One day, we were driving out to one of the planes, and mortars started coming out of nowhere. I remember thinking, 'This is not like the movies.' It's not as loud as the movies. It's closer, and in the movies you never got the smell, or the heat of the blast.

I've seen grown men wet themselves out of shock. Your ears don't work. I've seen people walking around with blood pouring out of their ears.

Plenty of people got killed in my time there. I got to the stage where I didn't have any more to vomit, having seen so many bits and pieces of bodies.

Mind you, some nights around Kellett Street [Kings Cross] weren't much fun, either.

The early '80s were big on corporate espionage, finding out who's stealing what and where it's going.

Corporate espionage is about negotiating, and getting intelligence and using intelligence to pressure people. It's detecting people who aren't supposed to be meeting. Are your competitors colluding to buy your company, or to sell your company? That's why New York's so wonderful - they're always doing that. They were always aware of industrial espionage, whereas Australian companies were more sceptical.

Internationally, we get a lot of bodyguarding work. We don't do it here [in Sydney]. We don't bother doing anything here, because of all the silly licensing and police involvement. It's still a crooked town. The cops want to get into anything you're doing.

It's [police corruption] happened a little bit in New York, but it's never happened in Los Angeles - and I've had up to 17 different franchise offices up and down California. Sydney is the place it's happened most in my life. They're open about it. They come to the door, they get off of the problem that they want to see you about, and they usually drop the phrase, 'Ah, look, you're making all this money, we're just working.'

I went through a divorce and got custody of my kids. I never saw my ex-wife again. I spent time bringing my kids up, with a big house in Paddington, a housekeeper, a cook and a chef, and a couple of assistants. It was a nice life, but it got a bit boring.

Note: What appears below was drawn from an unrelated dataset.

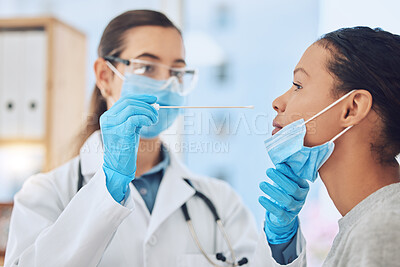 Buy stock photo Covid, testing and healthcare with a medical doctor and patient doing a pcr test for corona virus symptoms. Hospital, medicine and consulting with a female health worker in appointment with a woman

In 1989, I started going back to the US and doing some work, and I moved to Hollywood in the early '90s. [But] I got sick of the Los Angeles mentality - all the drugs and bullshit. I was about to come home, then I got a few jobs in New York, and I never left Manhattan Island for the next four years. I was that busy.

Within two years I got names 'Manhattan's Best' [by Manhattan File magazine]. In the same year I was called 'America's Premier Private Eye' [by Gallery magazine]. I was on all the shows - Larry King Live, Leeza and the Howard Stern Show. There were pictures of my girlfriend on the front page of the New York Post and the Daily News. She was the female spy, I was the man.

For the first time in my life, I was really happy and fully occupied.

A big telecommunications company was taking over the workings of a cable company, and they wanted to find out what it was really worth, as opposed to what the figures were cooked up to be. We had to infiltrate a cleaner, a secretary and a receptionist. We ran a temp agency so we could push people in there.

We were very tight about what we were doing. We didn't steal things, we read things and looked at things.

I've never stolen a 'secret', like a perfume or a Schweppes formula. I'm always looking to confirm figures - sales figures, turnover figures, banking figures.

The average copper wants to arrest somebody. In my business, I never want to arrest anybody. I just want to know things.

In my office yesterday, I had a woman job candidate who kept on saying, I've bought some handcuffs.'

Who're you going to arrest? Evildoers?

Send'em the bill, that's what it's all about. It's not an ego thing. It's get paid, make money, go and buy a yacht."